#!/home/artddss/python3.4/bin/python3.4
from urllib.request import urlopen # for Python 3
from lxml.etree import XMLSyntaxError
from lxml.html import fromstring
from pandas import DataFrame, ExcelWriter
URL = 'http://www.vsemagazy.ru/'
KATEGORY_PATH = '.menu li '
MAGAZ_PATH = '.tbl-shops tr'
ADRES_PATH = '.tbl-shops'
ADR_PATH = '.post p b'
SUBJ_PATH = '.post p'
def vsemagazy_parse():
f = urlopen(URL)
list_html = f.read().decode('utf-8')
list_doc = fromstring(list_html)
df = DataFrame(columns=('магазин', 'область', 'субъект', 'график работы', 'телефон', 'адрес'))

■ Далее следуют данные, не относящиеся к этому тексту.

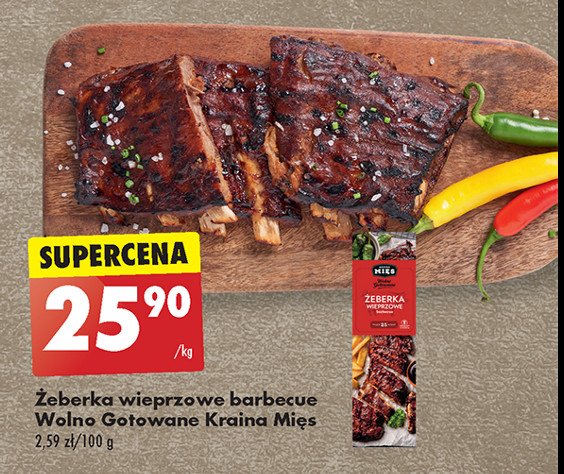 Żeberka wieprzowe barbecue Biedronka promocja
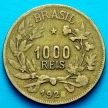 Монета Бразилия 1000 рейс 1925 год.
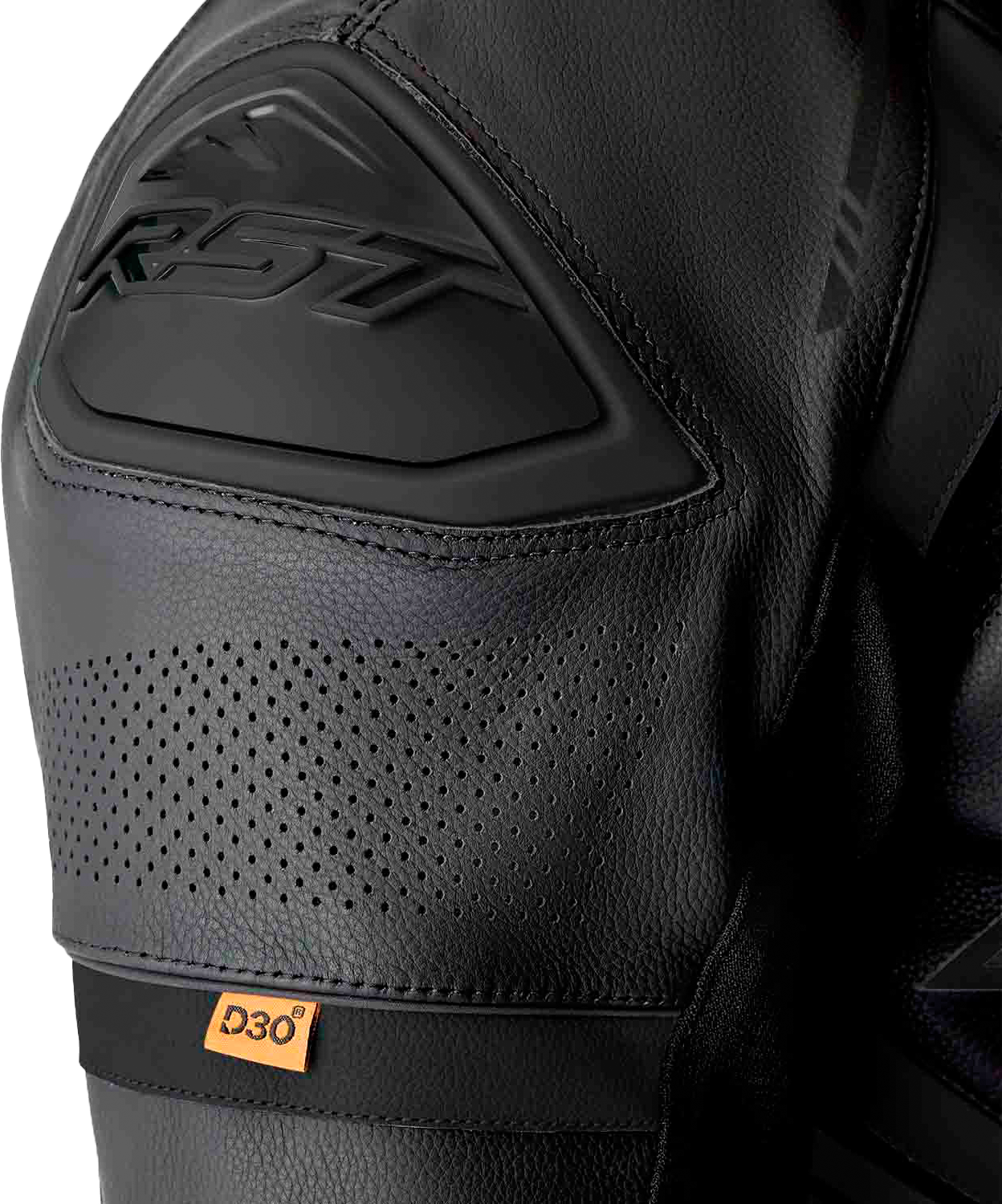 RST S1 D3o Suit Black Leather XS - Advanced Motorcycle Protective Gear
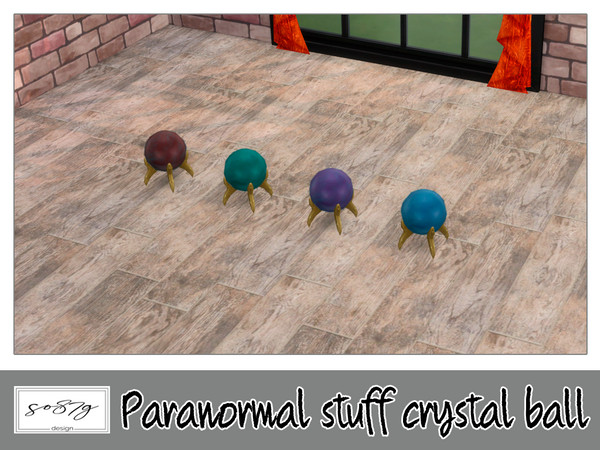 Sims 4 — Paranormal crystal ball by so87g — cost: 50$, 8 colors, you can find it in decor - clutter NEW features of the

for kategory in list_doc.cssselect(KATEGORY_PATH):
a = kategory.cssselect('a')[0]
href = a.get('href')
name = a.text
details_html = urlopen(href).read().decode('utf-8')
try:
details_doc = fromstring(details_html)
except XMLSyntaxError:
continue
for magaz in details_doc.cssselect(MAGAZ_PATH):
b = magaz.cssselect('a')[0]
zref = b.get('href')
namb = b.text
drog_html = urlopen(zref).read().decode('utf-8')
try:
dret_doc = fromstring(drog_html)
except XMLSyntaxError:
continue
for adres in dret_doc.cssselect(ADRES_PATH):
c = adres.cssselect('a')[0]
nref = c.get('href')
band = c.text
drt_html = urlopen(nref).read().decode('utf-8')
try:
dry_doc = fromstring(drt_html)
except XMLSyntaxError:
continue
subjekt = dry_doc.cssselect(SUBJ_PATH)[0].text_content()

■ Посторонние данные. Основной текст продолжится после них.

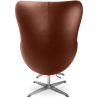  Fauteuil avec repose-pieds design en forme d'œuf - Revêtement en cuir - Brave image 7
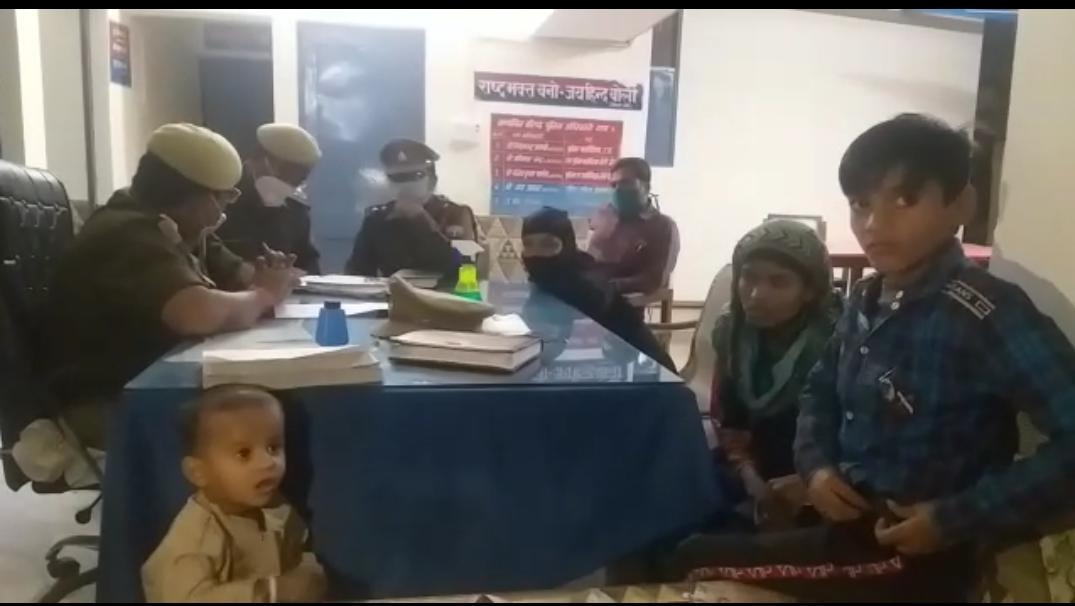 अपने बच्चे के लिए महिला ने पुलिस से बोला झूठ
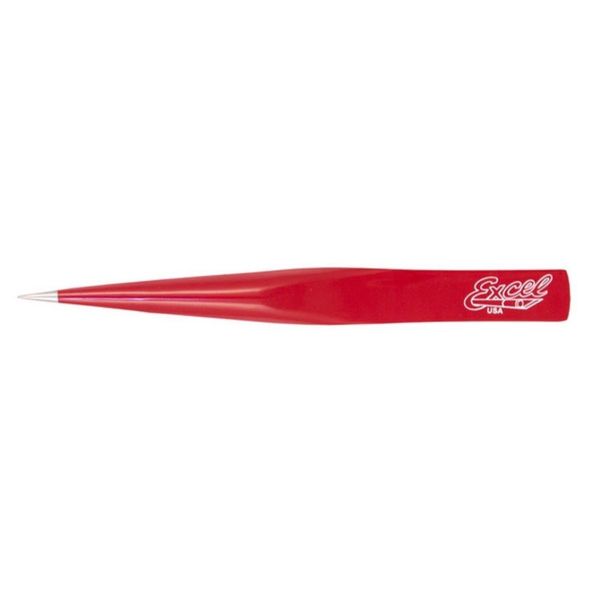 Excel 30428 4.5 İnch Hollow Handle Tweezers (Red)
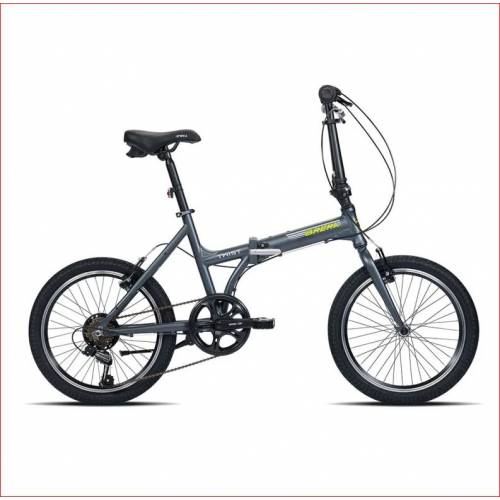 CICLO 20 PIEGHEVOLE TELAIO ALLUMINIO 6 VELOCITA' *NERO* - BRERA Twist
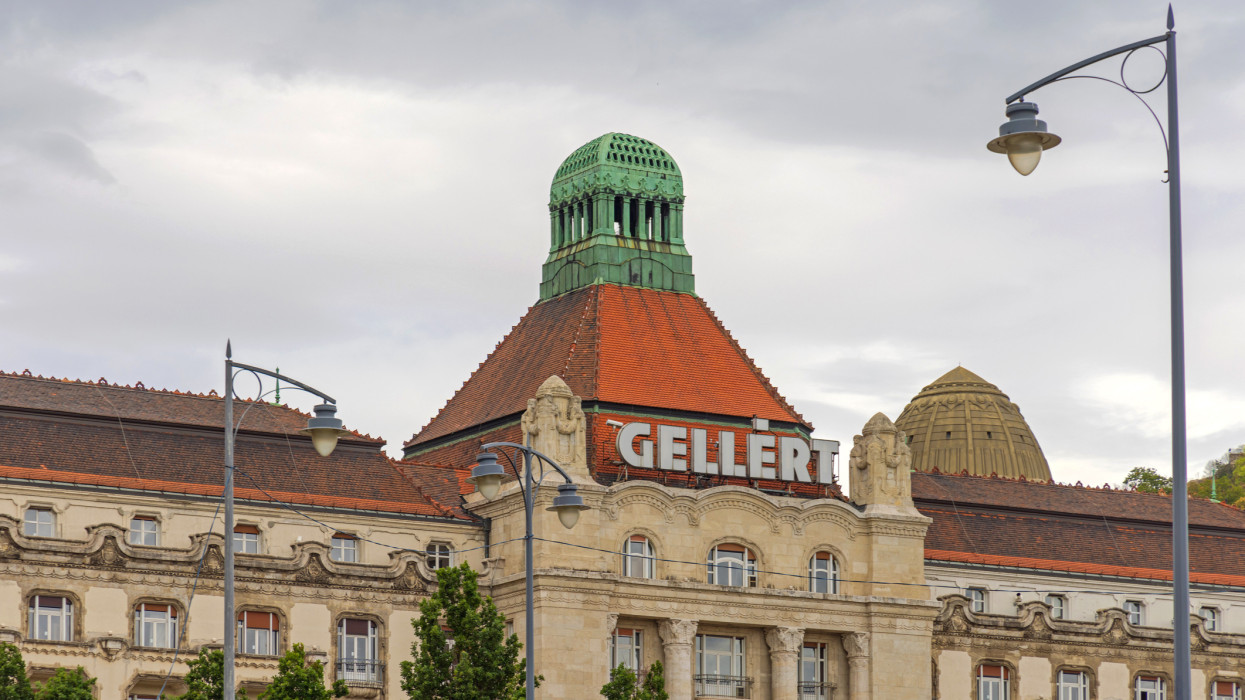 Budapest, Hungary - July 31, 2022: Historic Hotel Gellert Building at Buda City.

grafik = dry_doc.cssselect(SUBJ_PATH)[1].text_content()
telephone = dry_doc.cssselect(SUBJ_PATH)[2].text_content()
adres = dry_doc.cssselect(SUBJ_PATH)[3].text_content()

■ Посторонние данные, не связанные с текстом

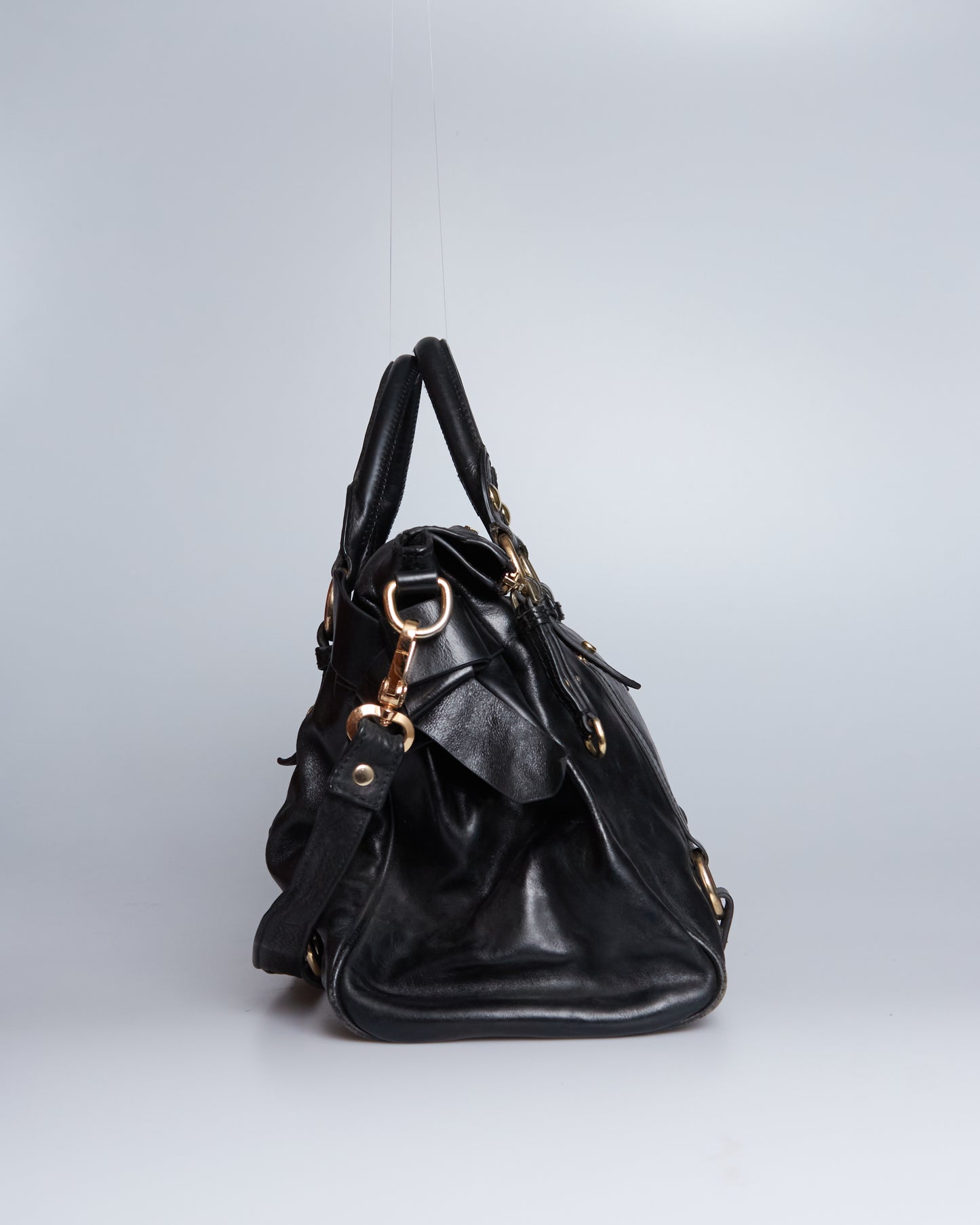 Miu Miu Vitello Lux Bow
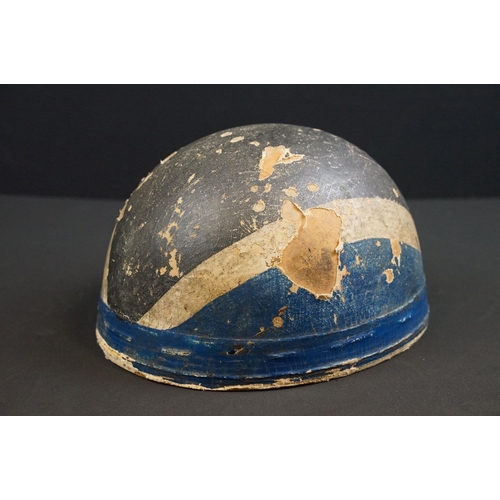 130 - A British World War Two Despatch riders helmet complete with original liner and strap.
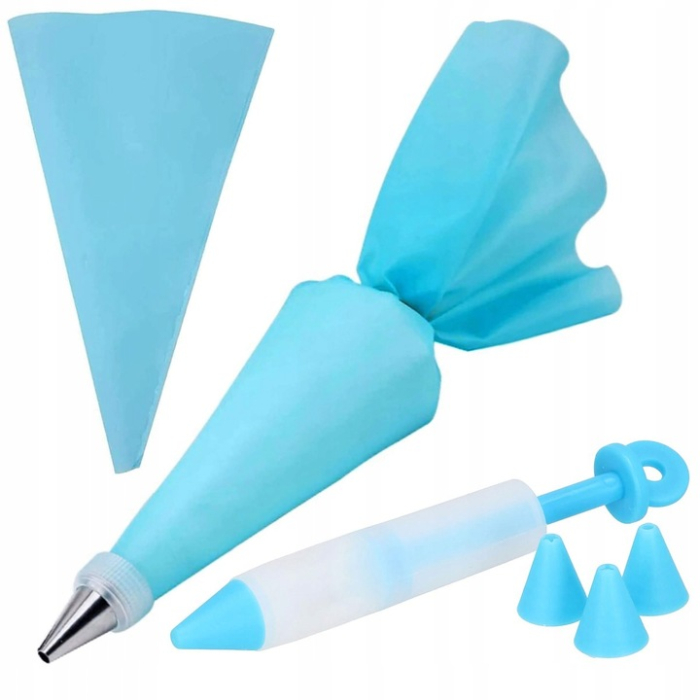 Set patiserie cu platou rotativ, 137 piese cu sabloane pentru ornarea prajiturilor [11]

haret_elems_list = [('магазин', name), ('область', namb), ('субъект', subjekt), ('график работы',grafik), ('телефон', telephone), ('адрес', adres)]
print(haret_elems_list)
df = df.append(dict(haret_elems_list), ignore_index=True)
writer = ExcelWriter('magaz.xlsx', engine='xlsxwriter')
df.to_excel(writer, sheet_name='1', header=True, index=False)
writer.save()
def main():
vsemagazy_parse()
if __name__ == '__main__':
main()
выходит такая вот ошибка
[('магазин', 'Дикси'), ('область', 'Дикси в Ленинградской области'), ('субъект', 'Субъект РФ: Ленинградская область'), ('график работы', 'Время работы: с 10:00 до 23:00'), ('телефон', 'Телефон горячей линии: 8 (800) 333-02-01'), ('адрес', 'Адрес: Ленинградская область, Шлиссельбург, Шлиссельбург, ул.Луговая, д.4')] Traceback (most recent call last):
File "vsemagazy.py", line 65, in
main()
File "vsemagazy.py", line 62, in main
vsemagazy_parse()
File "vsemagazy.py", line 45, in vsemagazy_parse
drt_html = urlopen(nref).read()
File "/usr/lib/python3.4/urllib/request.py", line 161, in urlopen
return opener.open(url, data, timeout)
File "/usr/lib/python3.4/urllib/request.py", line 463, in open
response = self._open(req, data)
File "/usr/lib/python3.4/urllib/request.py", line 481, in _open
'_open', req)
File "/usr/lib/python3.4/urllib/request.py", line 441, in _call_chain
result = func(*args)
File "/usr/lib/python3.4/urllib/request.py", line 1210, in http_open
return self.do_open(http.client.HTTPConnection, req)
File "/usr/lib/python3.4/urllib/request.py", line 1182, in do_open
h.request(req.get_method(), req.selector, req.data, headers)
File "/usr/lib/python3.4/http/client.py", line 1088, in request
self._send_request(method, url, body, headers)
File "/usr/lib/python3.4/http/client.py", line 1116, in _send_request
self.putrequest(method, url, **skips)
File "/usr/lib/python3.4/http/client.py", line 973, in putrequest
self._output(request.encode('ascii'))
UnicodeEncodeError: 'ascii' codec can't encode character '\u2013' in position 49: ordinal not in range(128)
в чем причина? что не так с кодировкой?